Stored records
- - -
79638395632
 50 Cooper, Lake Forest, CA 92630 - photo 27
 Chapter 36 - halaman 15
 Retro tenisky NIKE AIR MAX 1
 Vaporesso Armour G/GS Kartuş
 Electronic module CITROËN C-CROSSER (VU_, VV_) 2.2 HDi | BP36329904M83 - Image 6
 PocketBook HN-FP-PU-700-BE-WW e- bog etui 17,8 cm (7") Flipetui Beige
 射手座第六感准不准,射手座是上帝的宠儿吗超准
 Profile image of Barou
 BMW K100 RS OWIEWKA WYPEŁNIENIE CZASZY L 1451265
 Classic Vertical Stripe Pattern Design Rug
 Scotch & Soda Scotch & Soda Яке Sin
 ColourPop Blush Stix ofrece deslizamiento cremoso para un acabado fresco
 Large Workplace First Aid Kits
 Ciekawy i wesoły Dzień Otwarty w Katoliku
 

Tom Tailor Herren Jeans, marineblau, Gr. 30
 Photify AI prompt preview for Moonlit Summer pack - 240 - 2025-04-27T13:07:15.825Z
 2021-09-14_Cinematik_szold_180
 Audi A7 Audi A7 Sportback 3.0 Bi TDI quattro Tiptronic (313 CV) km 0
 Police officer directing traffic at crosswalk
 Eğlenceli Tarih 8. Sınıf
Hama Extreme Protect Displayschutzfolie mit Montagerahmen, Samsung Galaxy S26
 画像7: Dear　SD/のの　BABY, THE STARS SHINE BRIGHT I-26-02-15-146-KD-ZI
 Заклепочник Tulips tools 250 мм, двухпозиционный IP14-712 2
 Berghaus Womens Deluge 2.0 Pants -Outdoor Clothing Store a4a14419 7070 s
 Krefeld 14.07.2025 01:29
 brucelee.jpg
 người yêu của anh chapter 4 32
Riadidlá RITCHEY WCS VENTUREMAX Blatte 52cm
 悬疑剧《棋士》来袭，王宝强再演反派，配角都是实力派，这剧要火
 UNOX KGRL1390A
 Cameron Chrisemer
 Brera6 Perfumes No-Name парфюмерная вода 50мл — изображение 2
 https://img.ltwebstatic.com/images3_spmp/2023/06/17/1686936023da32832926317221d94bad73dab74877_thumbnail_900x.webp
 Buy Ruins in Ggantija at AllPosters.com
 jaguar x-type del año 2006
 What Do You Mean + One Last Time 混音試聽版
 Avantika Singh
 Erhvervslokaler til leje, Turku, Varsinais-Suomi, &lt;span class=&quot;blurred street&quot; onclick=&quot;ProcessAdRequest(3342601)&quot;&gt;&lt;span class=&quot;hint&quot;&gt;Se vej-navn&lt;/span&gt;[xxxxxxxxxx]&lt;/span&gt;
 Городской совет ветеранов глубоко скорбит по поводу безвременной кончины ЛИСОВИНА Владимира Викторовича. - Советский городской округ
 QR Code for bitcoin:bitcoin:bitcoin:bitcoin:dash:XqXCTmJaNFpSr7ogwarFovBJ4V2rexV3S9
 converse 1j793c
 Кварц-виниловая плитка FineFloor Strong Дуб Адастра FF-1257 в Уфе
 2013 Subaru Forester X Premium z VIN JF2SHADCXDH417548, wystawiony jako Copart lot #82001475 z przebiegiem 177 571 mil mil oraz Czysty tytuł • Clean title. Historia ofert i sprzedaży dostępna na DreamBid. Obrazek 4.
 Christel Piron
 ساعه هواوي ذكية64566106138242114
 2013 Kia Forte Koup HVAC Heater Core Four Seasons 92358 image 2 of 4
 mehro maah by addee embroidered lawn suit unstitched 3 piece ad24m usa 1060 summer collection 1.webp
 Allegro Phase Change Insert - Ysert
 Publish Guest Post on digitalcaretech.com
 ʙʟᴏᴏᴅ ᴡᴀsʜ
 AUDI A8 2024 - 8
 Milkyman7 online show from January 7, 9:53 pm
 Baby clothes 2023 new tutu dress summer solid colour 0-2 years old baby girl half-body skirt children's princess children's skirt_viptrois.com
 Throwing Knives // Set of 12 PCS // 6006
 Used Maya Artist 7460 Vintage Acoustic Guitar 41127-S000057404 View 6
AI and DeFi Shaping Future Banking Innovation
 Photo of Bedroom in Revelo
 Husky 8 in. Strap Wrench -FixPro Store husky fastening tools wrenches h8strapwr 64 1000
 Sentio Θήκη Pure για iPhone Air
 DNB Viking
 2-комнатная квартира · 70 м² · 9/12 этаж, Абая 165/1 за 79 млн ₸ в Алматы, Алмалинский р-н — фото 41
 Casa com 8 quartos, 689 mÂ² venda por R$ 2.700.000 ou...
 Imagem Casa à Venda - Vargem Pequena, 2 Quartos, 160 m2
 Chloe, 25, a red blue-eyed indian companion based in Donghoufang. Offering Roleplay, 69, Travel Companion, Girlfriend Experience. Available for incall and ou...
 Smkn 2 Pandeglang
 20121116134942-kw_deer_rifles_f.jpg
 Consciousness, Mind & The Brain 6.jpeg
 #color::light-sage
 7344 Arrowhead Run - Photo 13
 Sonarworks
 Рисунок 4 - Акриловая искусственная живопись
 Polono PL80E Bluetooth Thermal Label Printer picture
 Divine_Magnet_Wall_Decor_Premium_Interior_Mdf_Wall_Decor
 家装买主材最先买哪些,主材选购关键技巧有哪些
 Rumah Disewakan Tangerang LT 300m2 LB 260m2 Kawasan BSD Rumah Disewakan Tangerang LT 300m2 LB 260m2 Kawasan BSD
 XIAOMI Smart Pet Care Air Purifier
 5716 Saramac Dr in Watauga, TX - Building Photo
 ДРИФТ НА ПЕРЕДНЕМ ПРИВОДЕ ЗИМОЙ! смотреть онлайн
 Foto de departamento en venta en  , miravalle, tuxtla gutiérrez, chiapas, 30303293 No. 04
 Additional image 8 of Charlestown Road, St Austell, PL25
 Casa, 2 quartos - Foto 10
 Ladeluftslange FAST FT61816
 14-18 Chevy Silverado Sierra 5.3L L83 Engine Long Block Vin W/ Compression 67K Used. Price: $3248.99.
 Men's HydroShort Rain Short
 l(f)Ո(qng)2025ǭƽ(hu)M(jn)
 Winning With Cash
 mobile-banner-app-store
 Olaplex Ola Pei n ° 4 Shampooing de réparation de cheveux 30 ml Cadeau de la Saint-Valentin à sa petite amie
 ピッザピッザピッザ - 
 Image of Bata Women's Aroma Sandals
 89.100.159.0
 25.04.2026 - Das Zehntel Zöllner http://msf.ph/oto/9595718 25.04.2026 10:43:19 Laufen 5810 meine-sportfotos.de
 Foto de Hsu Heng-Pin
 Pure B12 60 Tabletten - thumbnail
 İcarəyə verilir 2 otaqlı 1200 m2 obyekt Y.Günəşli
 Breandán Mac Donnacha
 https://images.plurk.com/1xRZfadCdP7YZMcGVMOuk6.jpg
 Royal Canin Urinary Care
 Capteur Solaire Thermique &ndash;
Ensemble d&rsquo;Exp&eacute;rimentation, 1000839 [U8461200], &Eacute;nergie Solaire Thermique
- - -
- Work required
Repeat the data in full. Nothing may be dropped or altered.

- Written response
79638395632
 50 Cooper, Lake Forest, CA 92630 - photo 27
 Chapter 36 - halaman 15
 Retro tenisky NIKE AIR MAX 1
 Vaporesso Armour G/GS Kartuş
 Electronic module CITROËN C-CROSSER (VU_, VV_) 2.2 HDi | BP36329904M83 - Image 6
 PocketBook HN-FP-PU-700-BE-WW e- bog etui 17,8 cm (7") Flipetui Beige
 射手座第六感准不准,射手座是上帝的宠儿吗超准
 Profile image of Barou
 BMW K100 RS OWIEWKA WYPEŁNIENIE CZASZY L 1451265
 Classic Vertical Stripe Pattern Design Rug
 Scotch & Soda Scotch & Soda Яке Sin
 ColourPop Blush Stix ofrece deslizamiento cremoso para un acabado fresco
 Large Workplace First Aid Kits
 Ciekawy i wesoły Dzień Otwarty w Katoliku
 

Tom Tailor Herren Jeans, marineblau, Gr. 30
 Photify AI prompt preview for Moonlit Summer pack - 240 - 2025-04-27T13:07:15.825Z
 2021-09-14_Cinematik_szold_180
 Audi A7 Audi A7 Sportback 3.0 Bi TDI quattro Tiptronic (313 CV) km 0
 Police officer directing traffic at crosswalk
 Eğlenceli Tarih 8. Sınıf
Hama Extreme Protect Displayschutzfolie mit Montagerahmen, Samsung Galaxy S26
 画像7: Dear　SD/のの　BABY, THE STARS SHINE BRIGHT I-26-02-15-146-KD-ZI
 Заклепочник Tulips tools 250 мм, двухпозиционный IP14-712 2
 Berghaus Womens Deluge 2.0 Pants -Outdoor Clothing Store a4a14419 7070 s
 Krefeld 14.07.2025 01:29
 brucelee.jpg
 người yêu của anh chapter 4 32
Riadidlá RITCHEY WCS VENTUREMAX Blatte 52cm
 悬疑剧《棋士》来袭，王宝强再演反派，配角都是实力派，这剧要火
 UNOX KGRL1390A
 Cameron Chrisemer
 Brera6 Perfumes No-Name парфюмерная вода 50мл — изображение 2
 https://img.ltwebstatic.com/images3_spmp/2023/06/17/1686936023da32832926317221d94bad73dab74877_thumbnail_900x.webp
 Buy Ruins in Ggantija at AllPosters.com
 jaguar x-type del año 2006
 What Do You Mean + One Last Time 混音試聽版
 Avantika Singh
 Erhvervslokaler til leje, Turku, Varsinais-Suomi, &lt;span class=&quot;blurred street&quot; onclick=&quot;ProcessAdRequest(3342601)&quot;&gt;&lt;span class=&quot;hint&quot;&gt;Se vej-navn&lt;/span&gt;[xxxxxxxxxx]&lt;/span&gt;
 Городской совет ветеранов глубоко скорбит по поводу безвременной кончины ЛИСОВИНА Владимира Викторовича. - Советский городской округ
 QR Code for bitcoin:bitcoin:bitcoin:bitcoin:dash:XqXCTmJaNFpSr7ogwarFovBJ4V2rexV3S9
 converse 1j793c
 Кварц-виниловая плитка FineFloor Strong Дуб Адастра FF-1257 в Уфе
 2013 Subaru Forester X Premium z VIN JF2SHADCXDH417548, wystawiony jako Copart lot #82001475 z przebiegiem 177 571 mil mil oraz Czysty tytuł • Clean title. Historia ofert i sprzedaży dostępna na DreamBid. Obrazek 4.
 Christel Piron
 ساعه هواوي ذكية64566106138242114
 2013 Kia Forte Koup HVAC Heater Core Four Seasons 92358 image 2 of 4
 mehro maah by addee embroidered lawn suit unstitched 3 piece ad24m usa 1060 summer collection 1.webp
 Allegro Phase Change Insert - Ysert
 Publish Guest Post on digitalcaretech.com
 ʙʟᴏᴏᴅ ᴡᴀsʜ
 AUDI A8 2024 - 8
 Milkyman7 online show from January 7, 9:53 pm
 Baby clothes 2023 new tutu dress summer solid colour 0-2 years old baby girl half-body skirt children's princess children's skirt_viptrois.com
 Throwing Knives // Set of 12 PCS // 6006
 Used Maya Artist 7460 Vintage Acoustic Guitar 41127-S000057404 View 6
AI and DeFi Shaping Future Banking Innovation
 Photo of Bedroom in Revelo
 Husky 8 in. Strap Wrench -FixPro Store husky fastening tools wrenches h8strapwr 64 1000
 Sentio Θήκη Pure για iPhone Air
 DNB Viking
 2-комнатная квартира · 70 м² · 9/12 этаж, Абая 165/1 за 79 млн ₸ в Алматы, Алмалинский р-н — фото 41
 Casa com 8 quartos, 689 mÂ² venda por R$ 2.700.000 ou...
 Imagem Casa à Venda - Vargem Pequena, 2 Quartos, 160 m2
 Chloe, 25, a red blue-eyed indian companion based in Donghoufang. Offering Roleplay, 69, Travel Companion, Girlfriend Experience. Available for incall and ou...
 Smkn 2 Pandeglang
 20121116134942-kw_deer_rifles_f.jpg
 Consciousness, Mind & The Brain 6.jpeg
 #color::light-sage
 7344 Arrowhead Run - Photo 13
 Sonarworks
 Рисунок 4 - Акриловая искусственная живопись
 Polono PL80E Bluetooth Thermal Label Printer picture
 Divine_Magnet_Wall_Decor_Premium_Interior_Mdf_Wall_Decor
 家装买主材最先买哪些,主材选购关键技巧有哪些
 Rumah Disewakan Tangerang LT 300m2 LB 260m2 Kawasan BSD Rumah Disewakan Tangerang LT 300m2 LB 260m2 Kawasan BSD
 XIAOMI Smart Pet Care Air Purifier
 5716 Saramac Dr in Watauga, TX - Building Photo
 ДРИФТ НА ПЕРЕДНЕМ ПРИВОДЕ ЗИМОЙ! смотреть онлайн
 Foto de departamento en venta en  , miravalle, tuxtla gutiérrez, chiapas, 30303293 No. 04
 Additional image 8 of Charlestown Road, St Austell, PL25
 Casa, 2 quartos - Foto 10
 Ladeluftslange FAST FT61816
 14-18 Chevy Silverado Sierra 5.3L L83 Engine Long Block Vin W/ Compression 67K Used. Price: $3248.99.
 Men's HydroShort Rain Short
 l(f)Ո(qng)2025ǭƽ(hu)M(jn)
 Winning With Cash
 mobile-banner-app-store
 Olaplex Ola Pei n ° 4 Shampooing de réparation de cheveux 30 ml Cadeau de la Saint-Valentin à sa petite amie
 ピッザピッザピッザ - 
 Image of Bata Women's Aroma Sandals
 89.100.159.0
 25.04.2026 - Das Zehntel Zöllner http://msf.ph/oto/9595718 25.04.2026 10:43:19 Laufen 5810 meine-sportfotos.de
 Foto de Hsu Heng-Pin
 Pure B12 60 Tabletten - thumbnail
 İcarəyə verilir 2 otaqlı 1200 m2 obyekt Y.Günəşli
 Breandán Mac Donnacha
 https://images.plurk.com/1xRZfadCdP7YZMcGVMOuk6.jpg
 Royal Canin Urinary Care
 Capteur Solaire Thermique &ndash;
Ensemble d&rsquo;Exp&eacute;rimentation, 1000839 [U8461200], &Eacute;nergie Solaire Thermique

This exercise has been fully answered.